When the bars entered the packing room, workers were standing by to dispose of any bars that did not meet agreed-upon standards. It was considered better to have a lower conversion rate and throw the bad stuff out than let a misshapen bar clog the packing machines that wrapped bars at 350 units a minute. Finally, the packing machine operators would receive the acceptable bars into their machines and pack the end product for the sales team to deliver to eagerly awaiting customers.
So, why do I tell you this story on the SiriusDecisions blog? Well, this experience has provided me with a great library of visualization scenarios to bring key alignment concepts to life throughout my marketing career:
- Service-level agreements. At the chocolate factory, the production tunnel actually went through a wall as it progressed from the “wet” end to the “dry” end (the packing end). Can you imagine what would have happened in the factory if the chocolate-makers sent their product through the wall and just hoped that someone was ready and knew what to do with the product? In B2B sales and marketing, the supply and receiving functions must enter into a service agreement detailing exactly what is expected of both parties.

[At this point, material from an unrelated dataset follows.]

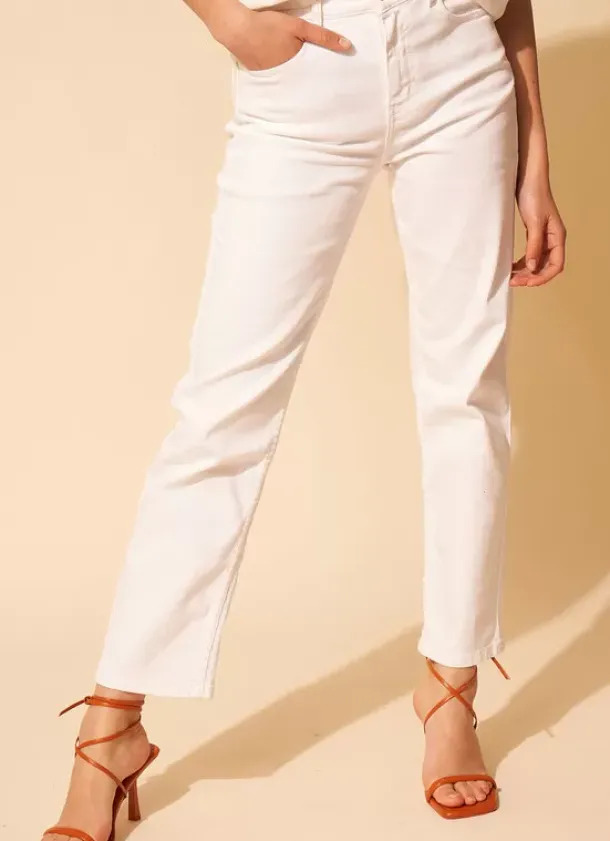 Sud Express Trousers & Jeans|Jean Taille Haute Cinq Poches Ecru Debby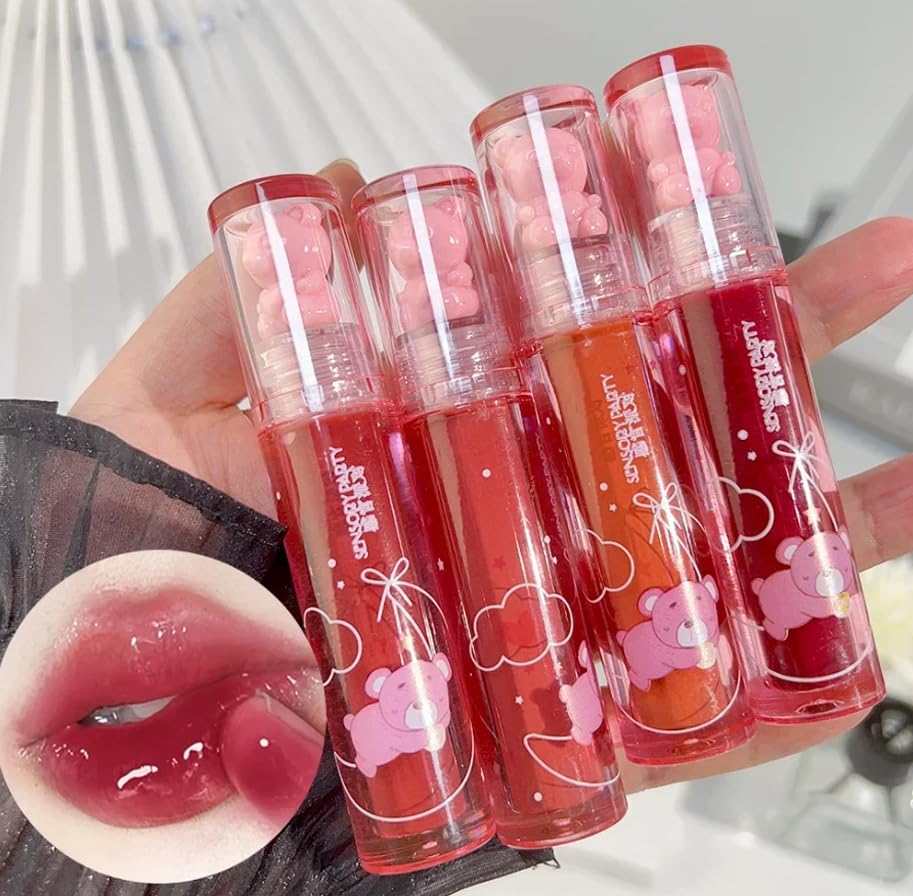 Pakivs 4Pcs Bear Lip Glaze Jelly Lipgloss,Liquid Lipstick Cute Bear Lipgloss Moisturizing Lip Stain Plumping Water Lip Gloss,Waterproof Juicy Lasting Tint Lip Gloss Set,Vivid Color,Glossy Finish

- Lead quality. When sales shouts, “Give me more leads!” I imagine what would have happened in the chocolate factory if I skipped a few steps in the making process or increased the speed of the conveyor belt without altering the cooling levers: The factory would have wound up with one mighty, gooey mess of badly formed bars congealing in a heap in front of the packers – a mess that no one could sell! Increasing the quantity of leads without taking steps to maintain the quality will lead to less – rather than more – success.
- Resource planning. When the teleservices team (which plays a role similar to that of the packers in the chocolate factory) cries out, “We can’t cope with the volume of leads,” I imagine what would happen if I had slowed down the factory conveyor belt: We would have had frozen, crumbly, inedible bars, or the highly paid sales staff might have been forced to begin wrapping individual chocolate bars! Reconcile demand creation against capacity constraints to better target efforts and reduce inefficiencies in the demand creation engine.
With these scenarios in mind, I think of all the marketing dashboards I have created, the number of leads I have generated and how many leads have been lost due to poorly aligned demand creation processes. I try to grasp what those numbers mean in terms of wasted money and human effort.
Let me tell you, factories are noisy and intense places of work. But one of the worst sounds is absolute silence in the packing end. When you have seen a thousand chocolate bars disappearing off the end of a conveyor belt every minute – and when you have heard the “thud, thud, thud” of product hitting the ground, and the scraping sound as some poor chap literally shovels all the bars you have worked so hard to produce into a large waste barrel, then you can truly feel the pain of a poorly aligned marketing factory.